Below are some records; output exactly the lines from the line with "Solo: A Star Wars Story Steelbook" to the line with "Λούτρινο Monkey D. Luffy - One Piece", both ends kept, and nothing more.

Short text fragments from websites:
*-*-*

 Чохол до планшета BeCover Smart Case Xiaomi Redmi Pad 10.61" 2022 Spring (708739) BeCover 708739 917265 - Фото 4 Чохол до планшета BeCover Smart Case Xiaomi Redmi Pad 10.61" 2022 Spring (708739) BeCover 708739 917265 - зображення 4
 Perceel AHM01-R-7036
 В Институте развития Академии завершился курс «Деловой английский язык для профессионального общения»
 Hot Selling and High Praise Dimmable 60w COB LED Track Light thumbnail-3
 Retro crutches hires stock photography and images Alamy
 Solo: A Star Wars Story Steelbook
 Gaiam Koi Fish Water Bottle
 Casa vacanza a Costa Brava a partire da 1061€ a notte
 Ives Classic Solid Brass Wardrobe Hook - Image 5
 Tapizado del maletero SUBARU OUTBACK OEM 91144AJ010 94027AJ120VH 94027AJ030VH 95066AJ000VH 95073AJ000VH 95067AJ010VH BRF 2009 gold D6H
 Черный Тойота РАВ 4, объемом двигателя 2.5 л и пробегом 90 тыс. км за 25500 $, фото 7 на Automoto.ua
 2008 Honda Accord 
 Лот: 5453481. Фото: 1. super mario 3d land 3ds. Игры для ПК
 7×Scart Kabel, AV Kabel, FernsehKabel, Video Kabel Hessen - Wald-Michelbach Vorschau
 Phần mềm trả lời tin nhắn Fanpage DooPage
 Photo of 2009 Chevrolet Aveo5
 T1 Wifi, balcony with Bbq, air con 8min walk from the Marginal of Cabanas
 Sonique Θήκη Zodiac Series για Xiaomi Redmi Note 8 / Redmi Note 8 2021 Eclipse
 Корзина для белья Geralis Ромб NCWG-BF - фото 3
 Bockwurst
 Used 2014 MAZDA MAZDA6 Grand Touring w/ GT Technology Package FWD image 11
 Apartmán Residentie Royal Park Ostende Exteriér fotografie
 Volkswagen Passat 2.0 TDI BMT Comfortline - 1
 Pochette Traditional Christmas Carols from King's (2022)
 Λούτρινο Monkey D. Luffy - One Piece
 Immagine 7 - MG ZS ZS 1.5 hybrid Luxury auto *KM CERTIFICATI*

*-*-*

→ **Task solution**:
 Solo: A Star Wars Story Steelbook
 Gaiam Koi Fish Water Bottle
 Casa vacanza a Costa Brava a partire da 1061€ a notte
 Ives Classic Solid Brass Wardrobe Hook - Image 5
 Tapizado del maletero SUBARU OUTBACK OEM 91144AJ010 94027AJ120VH 94027AJ030VH 95066AJ000VH 95073AJ000VH 95067AJ010VH BRF 2009 gold D6H
 Черный Тойота РАВ 4, объемом двигателя 2.5 л и пробегом 90 тыс. км за 25500 $, фото 7 на Automoto.ua
 2008 Honda Accord 
 Лот: 5453481. Фото: 1. super mario 3d land 3ds. Игры для ПК
 7×Scart Kabel, AV Kabel, FernsehKabel, Video Kabel Hessen - Wald-Michelbach Vorschau
 Phần mềm trả lời tin nhắn Fanpage DooPage
 Photo of 2009 Chevrolet Aveo5
 T1 Wifi, balcony with Bbq, air con 8min walk from the Marginal of Cabanas
 Sonique Θήκη Zodiac Series για Xiaomi Redmi Note 8 / Redmi Note 8 2021 Eclipse
 Корзина для белья Geralis Ромб NCWG-BF - фото 3
 Bockwurst
 Used 2014 MAZDA MAZDA6 Grand Touring w/ GT Technology Package FWD image 11
 Apartmán Residentie Royal Park Ostende Exteriér fotografie
 Volkswagen Passat 2.0 TDI BMT Comfortline - 1
 Pochette Traditional Christmas Carols from King's (2022)
 Λούτρινο Monkey D. Luffy - One Piece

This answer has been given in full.